Task item →
Beginning with the line containing "[图]The Mountain Is You" and ending with the last line of the entries below, copy each line exactly and nothing else.

Task input →
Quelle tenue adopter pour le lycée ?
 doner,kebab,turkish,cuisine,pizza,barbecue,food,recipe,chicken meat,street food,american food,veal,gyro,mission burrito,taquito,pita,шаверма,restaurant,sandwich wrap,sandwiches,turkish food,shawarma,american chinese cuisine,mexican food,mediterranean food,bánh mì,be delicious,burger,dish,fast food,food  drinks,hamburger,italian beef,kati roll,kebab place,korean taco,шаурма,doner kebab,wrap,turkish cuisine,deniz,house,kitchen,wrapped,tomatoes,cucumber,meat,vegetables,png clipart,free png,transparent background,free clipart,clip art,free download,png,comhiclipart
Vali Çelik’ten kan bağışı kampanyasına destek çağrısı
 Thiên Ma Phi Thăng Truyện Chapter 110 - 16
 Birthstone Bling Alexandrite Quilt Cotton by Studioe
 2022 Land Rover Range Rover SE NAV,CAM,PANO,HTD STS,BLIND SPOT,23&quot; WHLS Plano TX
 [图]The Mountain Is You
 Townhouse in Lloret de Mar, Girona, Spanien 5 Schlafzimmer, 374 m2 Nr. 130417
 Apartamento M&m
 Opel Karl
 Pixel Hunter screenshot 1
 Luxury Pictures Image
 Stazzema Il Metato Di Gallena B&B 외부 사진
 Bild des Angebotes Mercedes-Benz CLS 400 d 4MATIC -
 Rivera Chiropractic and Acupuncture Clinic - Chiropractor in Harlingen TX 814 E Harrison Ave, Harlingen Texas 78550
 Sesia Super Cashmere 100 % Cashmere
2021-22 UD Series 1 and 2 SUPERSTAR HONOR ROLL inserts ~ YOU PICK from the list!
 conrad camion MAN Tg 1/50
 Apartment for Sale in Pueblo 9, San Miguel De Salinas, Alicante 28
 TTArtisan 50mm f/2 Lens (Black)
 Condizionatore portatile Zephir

Solution to this task →
 [图]The Mountain Is You
 Townhouse in Lloret de Mar, Girona, Spanien 5 Schlafzimmer, 374 m2 Nr. 130417
 Apartamento M&m
 Opel Karl
 Pixel Hunter screenshot 1
 Luxury Pictures Image
 Stazzema Il Metato Di Gallena B&B 외부 사진
 Bild des Angebotes Mercedes-Benz CLS 400 d 4MATIC -
 Rivera Chiropractic and Acupuncture Clinic - Chiropractor in Harlingen TX 814 E Harrison Ave, Harlingen Texas 78550
 Sesia Super Cashmere 100 % Cashmere
2021-22 UD Series 1 and 2 SUPERSTAR HONOR ROLL inserts ~ YOU PICK from the list!
 conrad camion MAN Tg 1/50
 Apartment for Sale in Pueblo 9, San Miguel De Salinas, Alicante 28
 TTArtisan 50mm f/2 Lens (Black)
 Condizionatore portatile Zephir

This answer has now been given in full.